The Leeds man is still the champion, plus he has the backing of former Ingle Gym star and Hall of Famer “Prince” Naseem Hamed; a fact that won’t have escaped Galahad, who has professed to being the heir apparent to Hamed and idolises the “Prince”.
It’s all well and good saying you are the next Hamed, but you have to back it up. Hamed was in the same position once. He had to go into the lion’s den and unseat the champion in front of a hostile crowd. Unlike, Galahad though, Hamed produced the goods, and then some, to rip his world title, also at featherweight, from the grasp of Cardiff’s Steve Robinson.
Galahad arguably did what he had to do and beat Warrington. He might have outboxed his Yorkshire rival, but he couldn’t outbox the business. The business always finds a way to win, as Galahad found out on Saturday night.
Warrington will now move on and target a unification he richly deserves. His last two performances, both times as a big underdog, were outstanding – but he was flat and had a difficult night against Galahad. You can say he’s earned a gimme, so maybe he got away with one the other night. Depending on how you scored it.
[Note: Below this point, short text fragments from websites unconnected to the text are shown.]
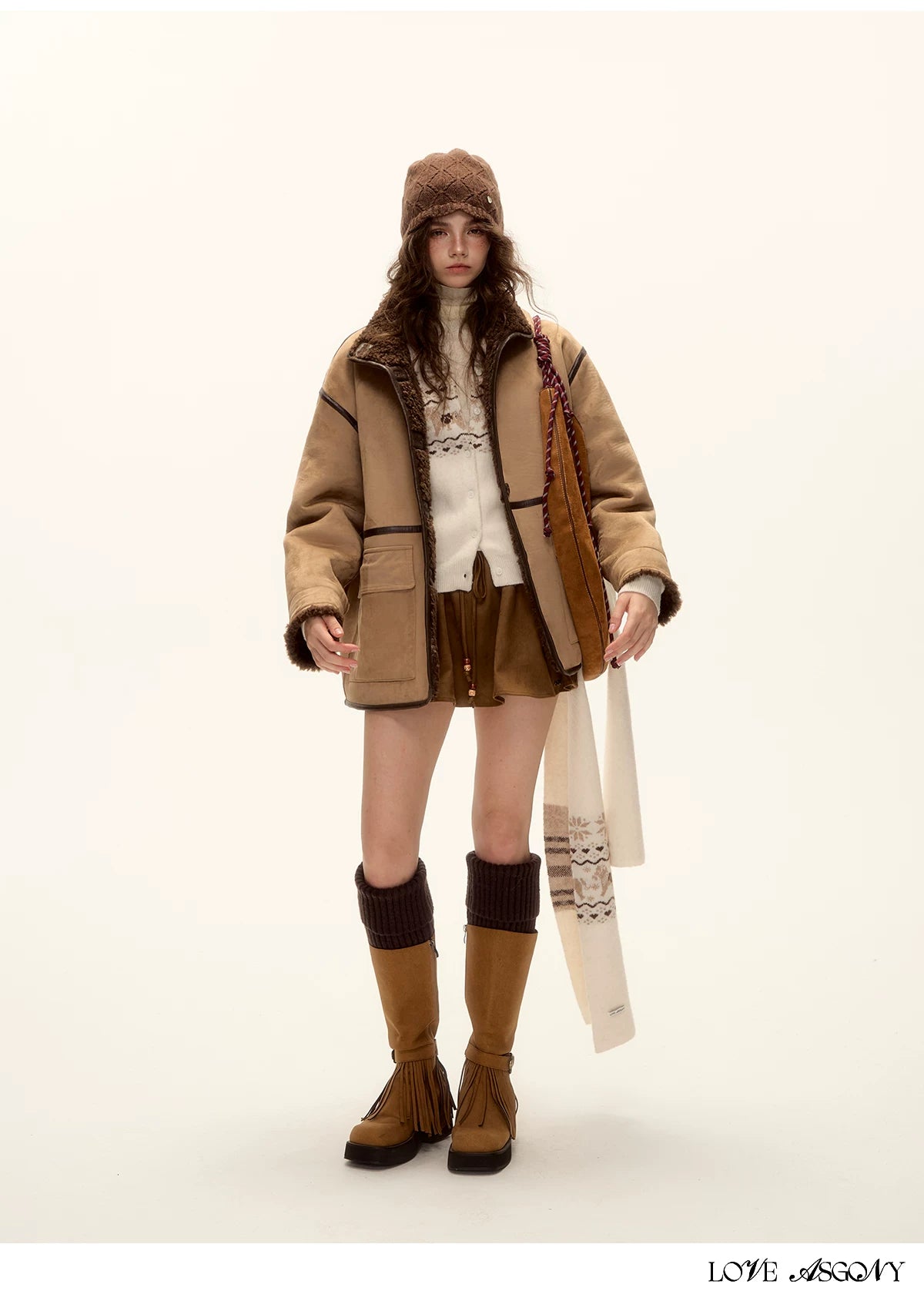 ASGONY - Brown Reversible Suede & Faux Shearling Jacket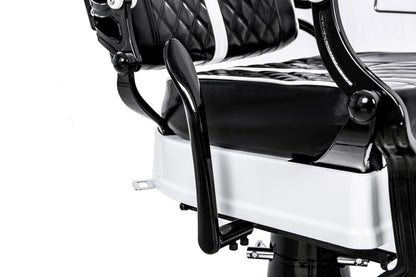 black and white barber chair lever
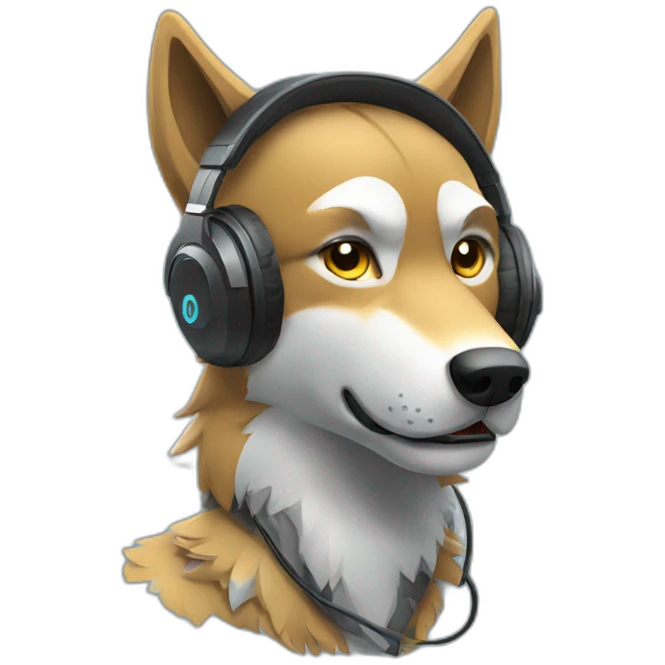 Wolf with Gaming headset emoji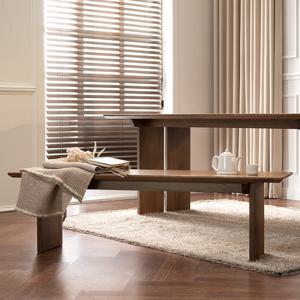 [에보니아] 미사 원목 6인식탁용 벤치의자(3인)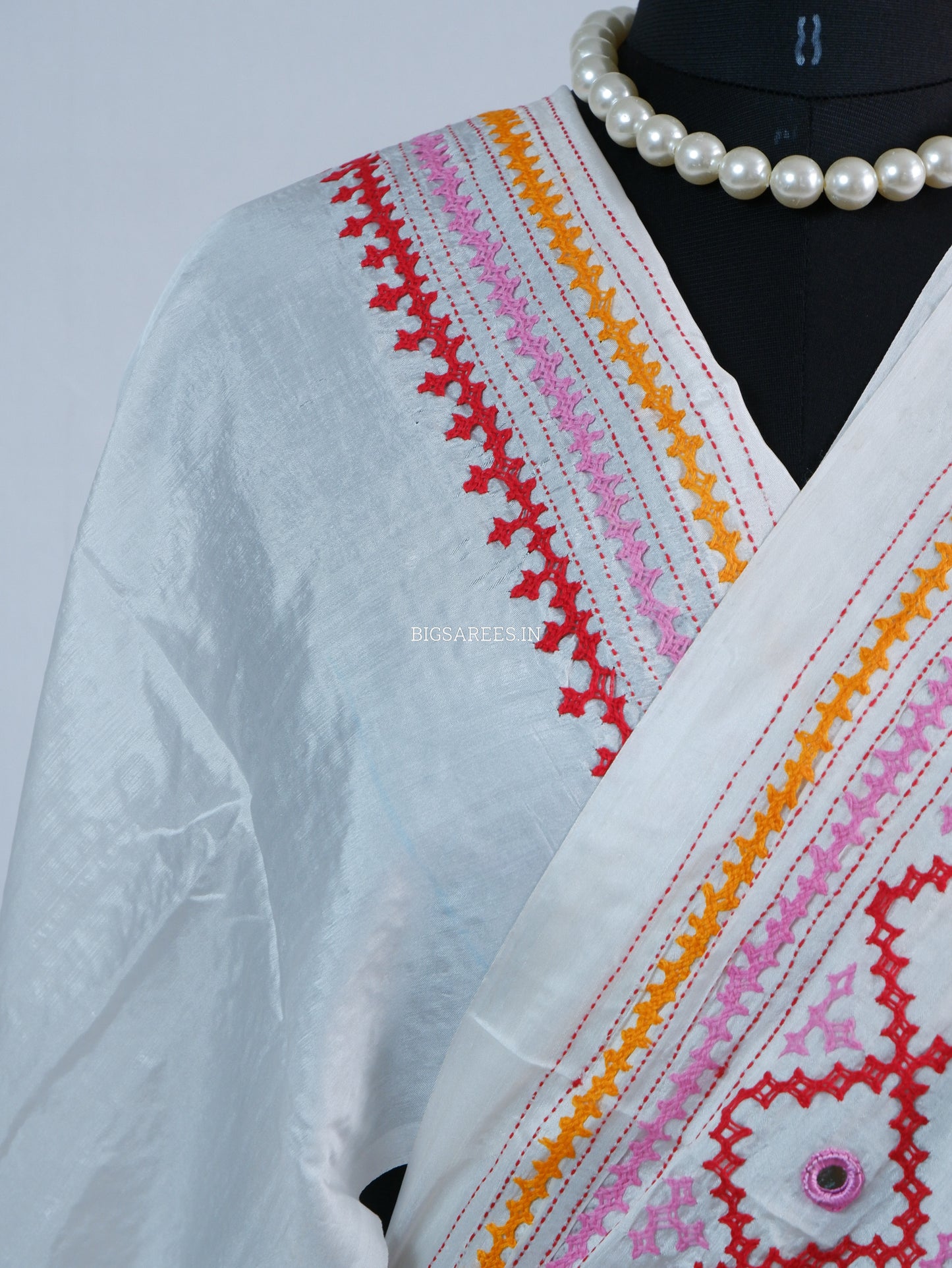 Kutchi/Gujarati Stitch Hand Embroidered Saree | Art Silk | Real Mirror Work | White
But the path for Galahad is not quite so smooth sailing. He’s awkward and isn’t the sort of fighter that casual fans, and many more hardcore fans, are clamouring to watch. He hasn’t exactly been given the star treatment by his promoters at Matchroom either. After all they didn’t even put a bid in for his world title eliminator with Toka Kahn Clary, which was ironically won by Frank Warren for a modest $20k sum.
Yes, it still took place on a Matchroom show in the end, but still not the show of faith you’d expect from a promoter that was handed an alleged $1bn deal by broadcast partner DAZN. It was also a surprise to see Galahad is actually promoted by Matchroom, who have barely even acknowledged he was one of their fighters. Usually there is a big push for one of their own fighting for a world title. This time they barely raised an eyebrow.
It’s a shame for Galahad, who hasn’t exactly helped himself over the years. His cocky attitude and failed drug test hasn’t endeared him to fans, despite his obvious talent. The world title opportunity is what all fighters get in the sport for: and Galahad’s chance has come and possibly gone.
No world champion is going to pick him for a voluntary defence. He won’t bring much of an audience and the TV executives won’t have been thrilled. The only bonus from Saturday for fans was at least it wasn’t PPV. That would have been a real kick in the teeth.
Galahad will now have to plot a new route and become the mandatory for another of the featherweight champions. Leo Santa Cruz, Gary Russell Jr. and Oscar Valdez will have barely shuddered in their boots after that performance – from both men.
The Sheffield man will have to put some pressure on his missing promoter Eddie Hearn to get him back up to the top. He clearly belongs in the upper echelons of the division, but he will become barely a footnote if he goes back to eight rounders against Nicaraguans on Kell Brook undercards, which are hardly a hot ticket now. In short, and to put it bluntly: no one will care.
Hearn loves a final eliminator for a mandatory position. He always has and regularly had them as the headline fights in his early days as the main man at Matchroom Boxing. But now his focus appears to be on rescuing Anthony Joshua’s career and building the brand in America.
The quality of UK cards has been poor this year and it sometimes feels like an afterthought. Hopefully he gets it back on track, but Galahad won’t be a priority. Talent isn’t always enough – and for Barry from Sheffield, he simply isn’t what is best for business.